Does the BL version make sense? It depends on how you conceive of technological progress. Is it embodied (and hence rival) or not (and so it is non-rival)? If all technological progress is embodied, then it is possible that all firms or persons are price-takers. But if any deliberate technological progress is non-rival (disembodied), then there are at least some firms or people with market power. Note that this doesn’t mean that all markets are imperfect, but firms that own non-rival ideas and have some ability to exclude others from using them (e.g. a patent) will charge more than marginal cost.
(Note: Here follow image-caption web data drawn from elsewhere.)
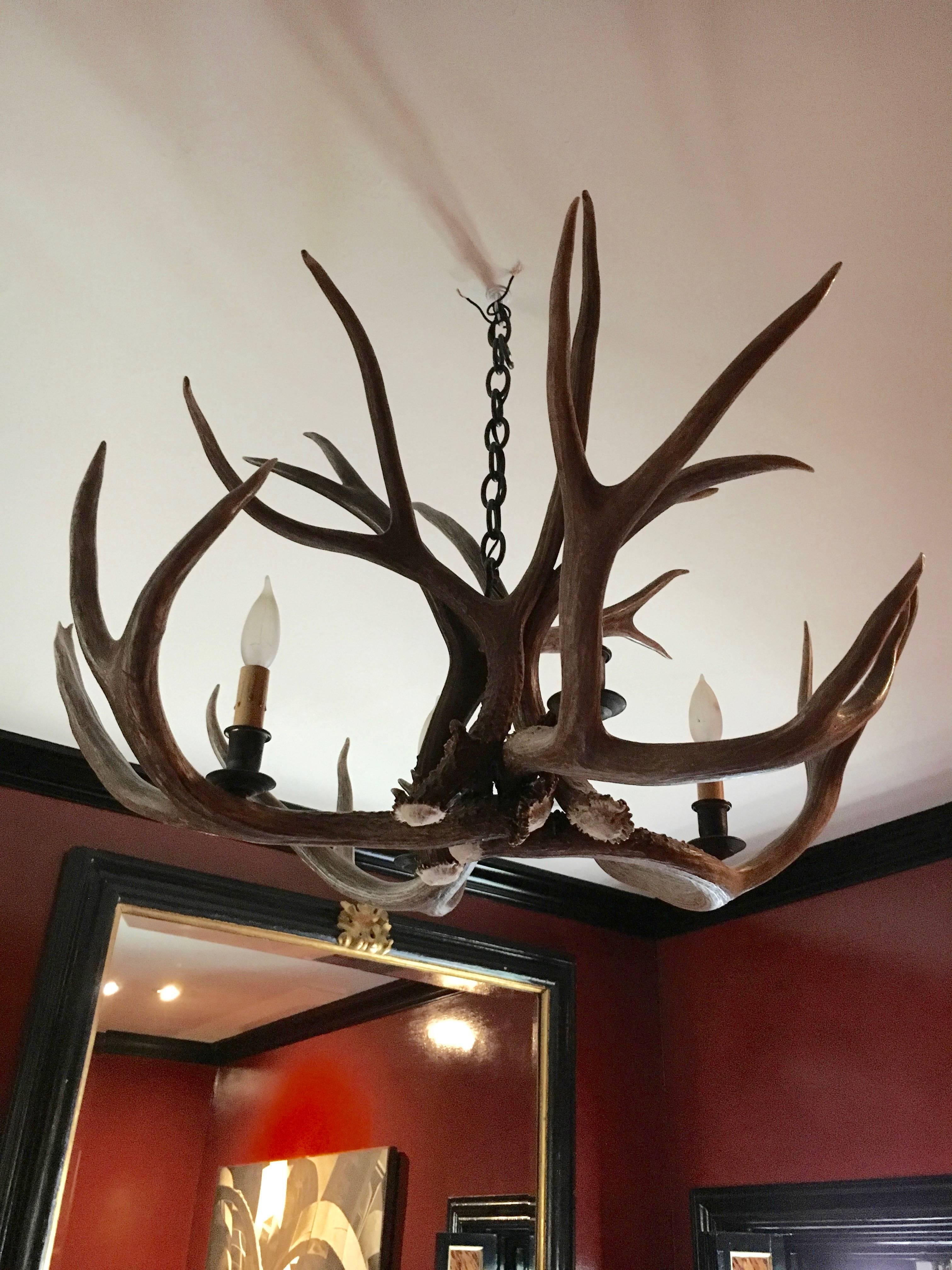 Handsome pair of vintage antler chandeliers that have been newly wired. Classic in style, these chandeliers would enhance both traditional or modern décor, France, 1930s, excellent. 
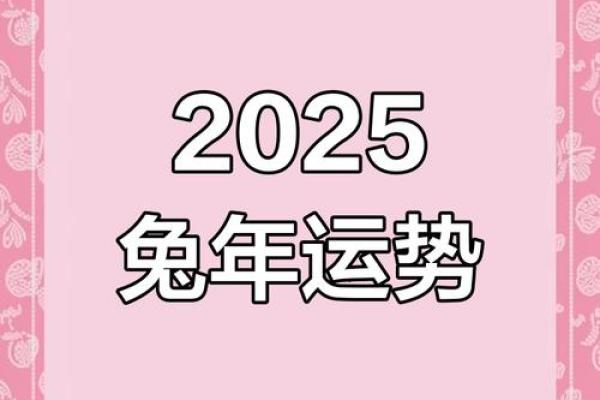 属兔2025年的多大_2025年属兔人年龄揭秘你今年多大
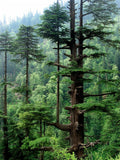 Himalayan Cedar Seeds, 10 Pack, Deodar Cedar (Cedrus deodara) for Planting, Evergreen Tree Seeds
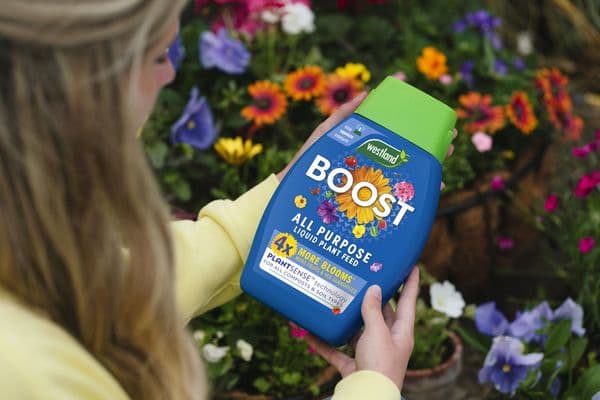 Westland Boost All Purpose Plant Food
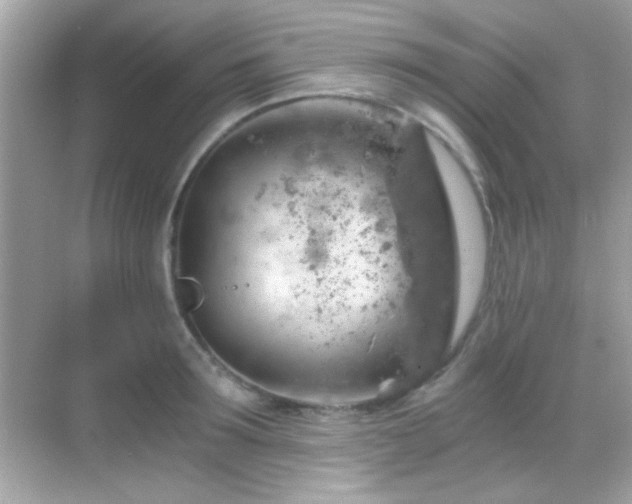 X0000068850899200605051209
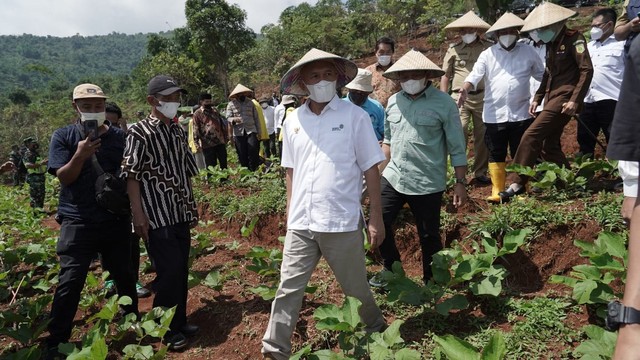 Menteri Koperasi dan UMKM Teten Masduki ketika meninjau lahan kacang poro pedang di Kabupaten Sumedang. Foto: Dok. Istimewa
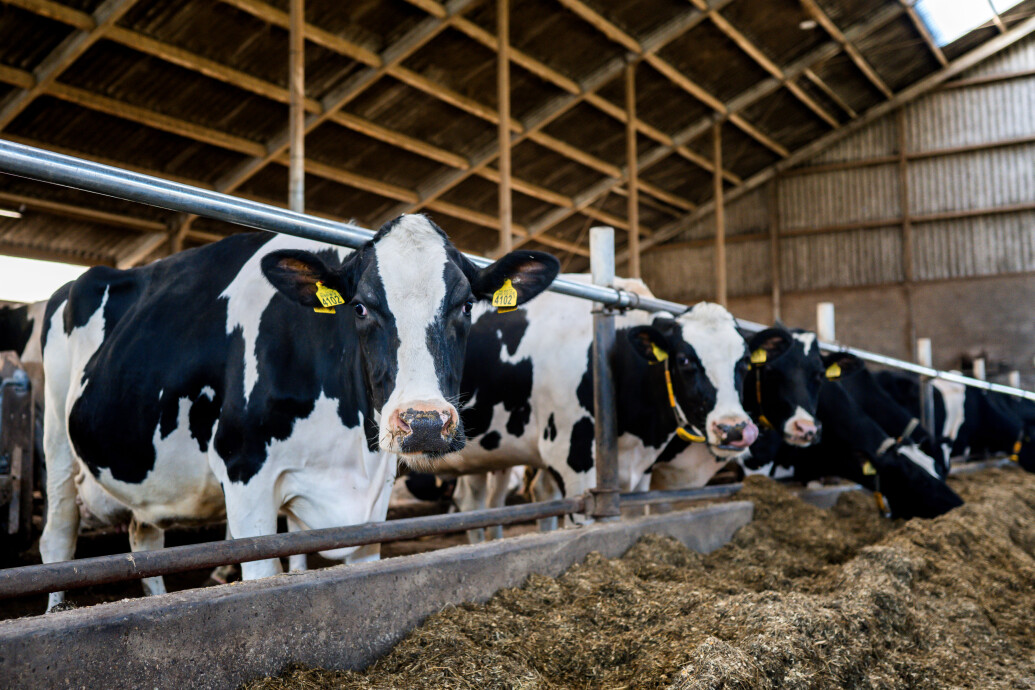 RelatiedagFarmonie_LindaBouritiusPhotography-208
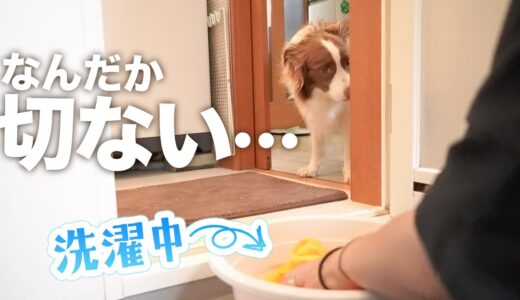 【心配そうに見守る犬】大好きなぬいぐるみを洗濯したら、胸が締め付けられました【ボーダーコリー】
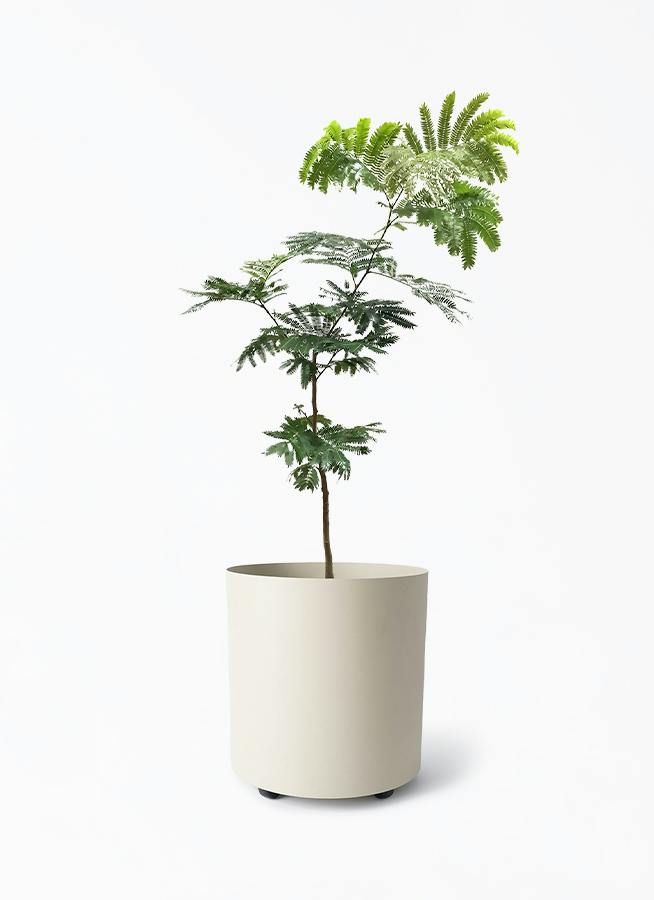 エバーフレッシュ | 観葉植物の通販ならHitoHana（ひとはな）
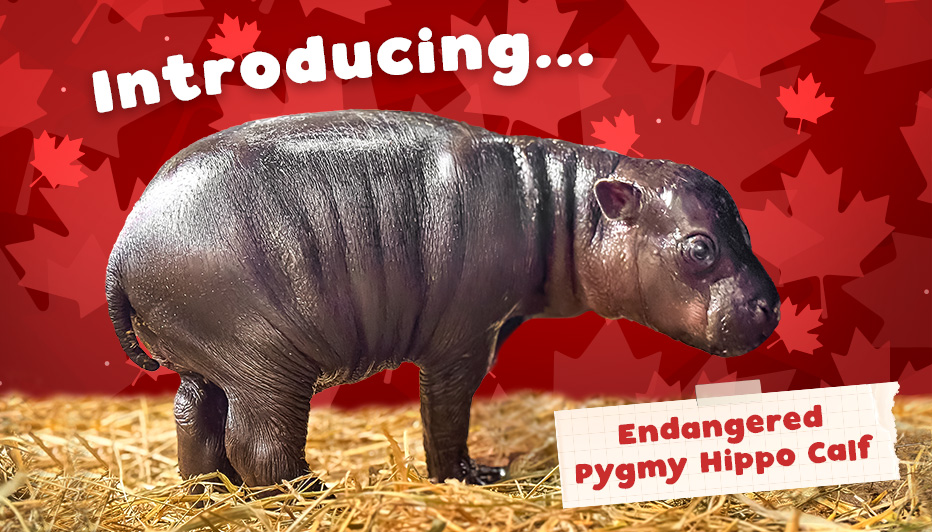 Endangered Pygmy Hippo Calf - Introducing...
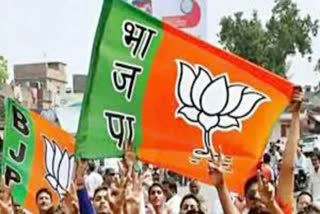 udaipur news, BJP appointed observers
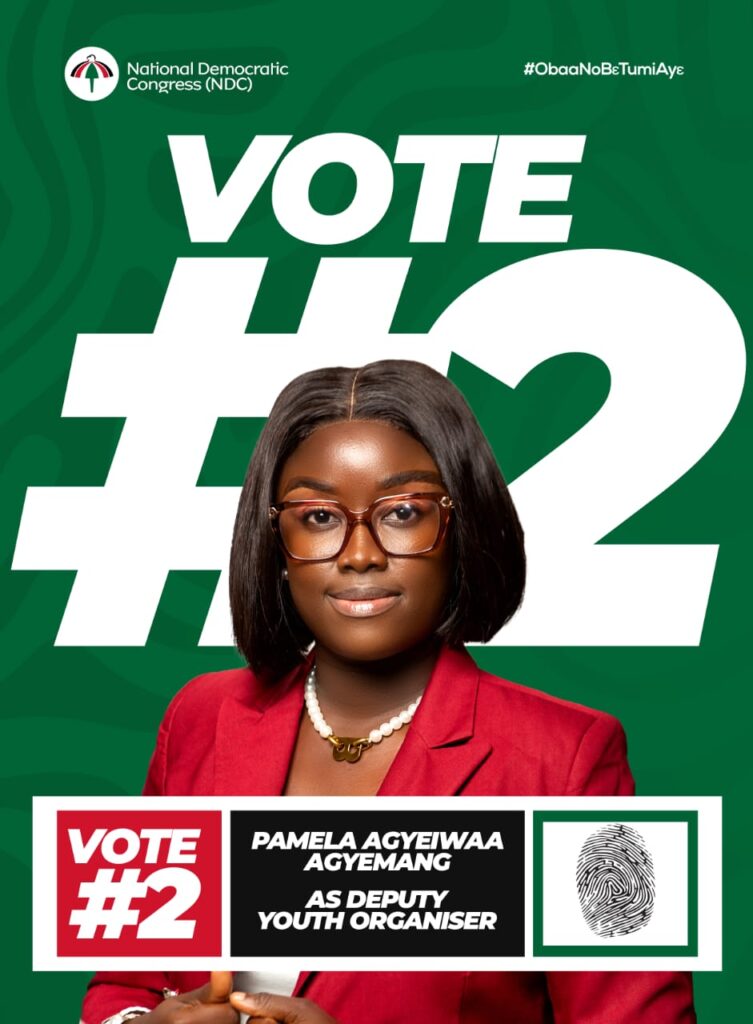 Pamela Agyeiwaa Agyemang cleared for NDC Afigya Kwabre South deputy youth organiser race, picks No. 2 on ballot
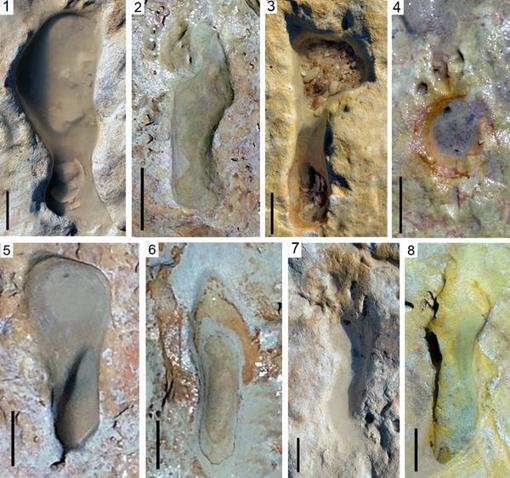Pisadas de homínidos neandertales de la Playa de Matalascañas. Diferentes tipologías. (1) M2020-14, (2) M2020-06, (3) M2020-15, (4) M2020-93, (5) M2020-02, (6) M2020-08, (7) M2020-12, (8) M2020-17 . Escala, 5 cm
The important difference here is the all vs. any, I think. Everyone could be price-takers if all technology is embodied (and hence rival). That is a strong condition. It means there is literally no such thing as a non-rival idea. One way to think about this is kind of the opposite of the replication argument. What if tomorrow everyone who knew Linux was wiped off the face of the Earth? Would Linux be gone? Would we have to wait for some new pseudo-Torvalds to arrive and re-write it? I don’t think so. Someone could figure it out by reading manuals left behind. Would they learn it quickly? Maybe not. But the idea of Linux is clearly non-rival. And so long as there are any non-rival ideas that are useful, then if you want there to be economic incentives to produce them, there has to be some market power that allows firms to capture those rents.

By the way, BL use their model to argue that intellectual monopolies (like patents, copyright, etc..) may be counter-productive in fostering innovation. That can be true even if you have non-rival ideas. The fact that profits exist for non-rival ideas don’t require that intellectual monopolies be made eternal and absolute. Within any Romer-style model there is some sweet spot of IP protection that fosters innovation without incurring too much deadweight loss due to the monopolies provided. We certainly could be well past that sweet spot in reality, and be over-protecting IP with patents that are too strong and/or too long. But if you eliminated all IP protection, then the Romer-style setting would tell you that we would effectively shut down innovation in non-rival ideas, as they could not otherwise be compensated.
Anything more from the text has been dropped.